_Task brief_
Would you reproduce each line below exactly, leaving every picture out?

Extracted records
===============
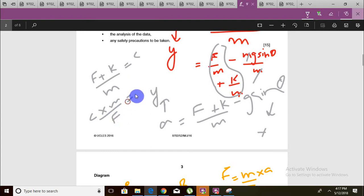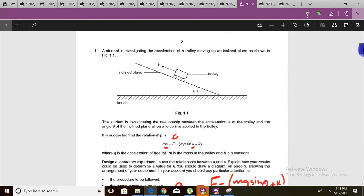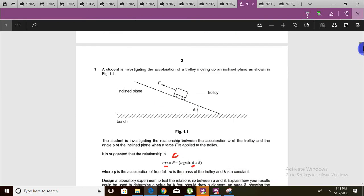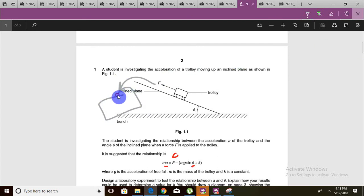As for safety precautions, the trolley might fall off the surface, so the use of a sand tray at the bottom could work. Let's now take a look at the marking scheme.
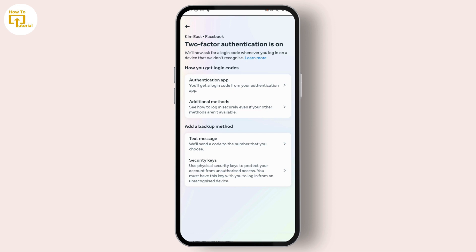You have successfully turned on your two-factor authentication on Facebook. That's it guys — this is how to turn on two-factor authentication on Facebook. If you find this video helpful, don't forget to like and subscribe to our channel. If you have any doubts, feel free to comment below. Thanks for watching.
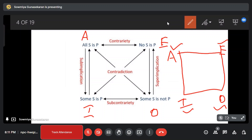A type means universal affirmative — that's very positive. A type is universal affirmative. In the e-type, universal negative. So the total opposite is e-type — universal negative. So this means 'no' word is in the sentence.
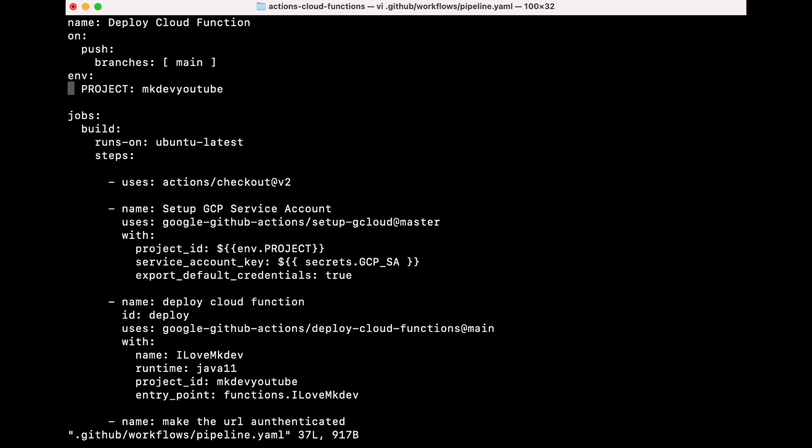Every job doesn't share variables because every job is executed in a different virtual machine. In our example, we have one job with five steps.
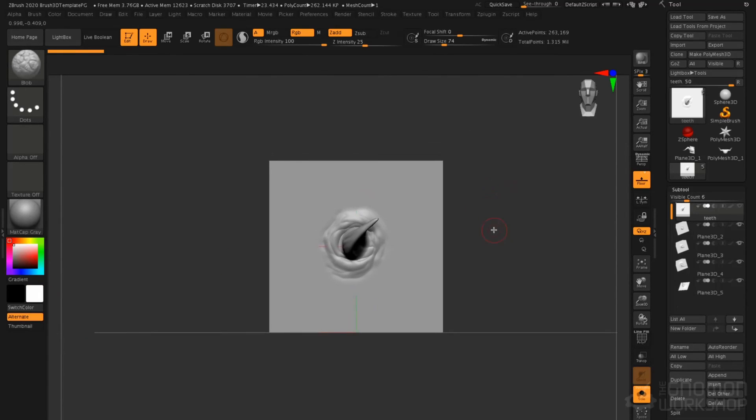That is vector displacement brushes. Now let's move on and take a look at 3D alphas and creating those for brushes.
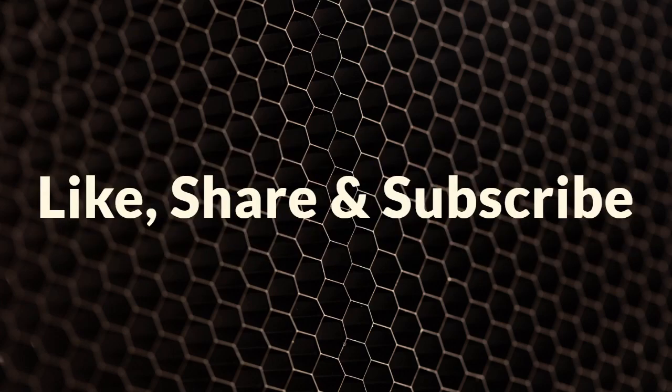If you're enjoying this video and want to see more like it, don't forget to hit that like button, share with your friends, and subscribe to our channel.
===============
_Your solution_
As for safety precautions, the trolley might fall off the surface, so the use of a sand tray at the bottom could work. Let's now take a look at the marking scheme.
You have successfully turned on your two-factor authentication on Facebook. That's it guys — this is how to turn on two-factor authentication on Facebook. If you find this video helpful, don't forget to like and subscribe to our channel. If you have any doubts, feel free to comment below. Thanks for watching.
A type means universal affirmative — that's very positive. A type is universal affirmative. In the e-type, universal negative. So the total opposite is e-type — universal negative. So this means 'no' word is in the sentence.
Every job doesn't share variables because every job is executed in a different virtual machine. In our example, we have one job with five steps.
That is vector displacement brushes. Now let's move on and take a look at 3D alphas and creating those for brushes.
If you're enjoying this video and want to see more like it, don't forget to hit that like button, share with your friends, and subscribe to our channel.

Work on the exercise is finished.